Tuesday, March 4, 2008

Raise the roof for adult English Language classrooms!

What do English language learners need to succeed at work, in college, and in life? That's a tough questions with few easy answers.

How many adult immigrants want to improve English language skills? How many adult immigrants need to improve their English? Do current adult education programs provide the language skills so students can enter and survive in community college classrooms? How can we improve the quality of English language classes in adult education programs?

OTAN opens new forum on the transition from adult education to community college.

The forum includes an outstanding collection of recent research studies looking at the numerous obstacles, program needs, and best teaching practices to help adult education – including ESL – student enter and succeed in mainstream college classes. Take a look!

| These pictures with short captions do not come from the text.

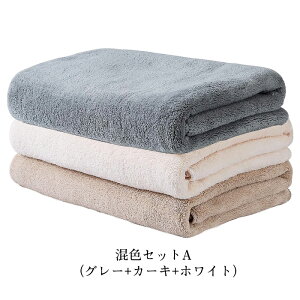 oX^I 唻 3Zbg  }CNt@Co[ ʂ {fB^I  zeX^C oX^I Zbg ^IZbg 唻oX^I z RpNg Ɩ ze 炩 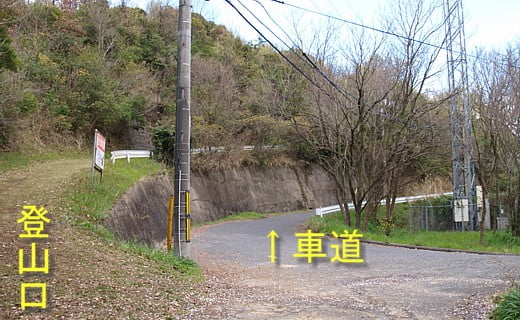 登山道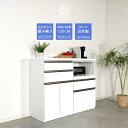 【全品10%OFFクーポン配布】 キッチンカウンター 幅120 お好きな組み合わせが出来るユニットタイプ 【開梱設置付き】 日本製 間仕切り ゴミ箱収納 ホワイト レンジ台 高さ100cm レンジ台 ワイド モダン 汚れに強い ソフトクローズ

Some of the clear conclusions include:

  1. - ESL students can and sometimes do succeed despite many obstacles.
  2. - A huge gap remains between students needs and current adult education programs
  3. - Only a small percentage of adults who would benefit from English language courses attend free adult education courses in California
  4. - ESL students face exceptional barriers and require additional resources
  5. - adult education needs far more resources to meet its missions
  6. - English classes need to teach broader, deeper language skills
  7. - English teachers need far more support
  8. - Current funding formulas fail to adequate fund English language programs
  9. - adult schools should offer a wider range of courses at far more times
  10. - adult education needs to provide more fulltime teaching positions
  11. - funding shortages limit the ability of educators to meet student needs
  12. - Students need to write and speak better to realize their goals
  13. - English remains the passport to the American dream for immigrants

“California’s Commitment to Adult English Learners: Caught Between Funding and Need”, an excellent study written by Arturo Gonzalez for the Public Policy Institute of California (2007) also details these problems with considerable tact. Focusing on the outdated and inadequate funding structure, the report documents the conflict between large classes – needed for attendance – and quality language instruction. It also notes the tension between providing minimum educational services for California immigrants and the fiscal costs of exceeding their allotted caps for enrollment. The report warns that “Without a change in the funding formula, the conflict between funding and mission may result in a long-term decline in the quality of instruction and diminish the pace of immigrant integration.”

That’s very polite language for a tragic bottomline: our current adult ESL programs provide too little help to too few students for too short a time. The standards are too low, and the standardized tests only measure passive skills like listening and reading under the rubric of “life skills.” Far too many adult ESL programs currently fail to meet the student needs to master enough language to enter and succeed community college, earn enough money, or realize their American dreams. If current funding formulas don’t change, the huge gap between the official ambitions of adult education programs and the actual classroom realities will grow far worse.

Immigration, especially illegal immigration, remains a very hot and heated political issue – in California and across the United States. Yet helping immigrants, both documented and undocumented, learn English should bring everyone together. Immigrants want to join the national family and need to learn English. The current naturalization law mandates that immigrants “read, write, and speak English” before becoming citizens.

Let’s help adult immigrants take that huge step by expanding and deepening English language classes. English language learners win, English language teachers win, program administrators win, and California residents win when everybody shares a common language.

Let’s raise the roof on English language programs – in California and around the United States!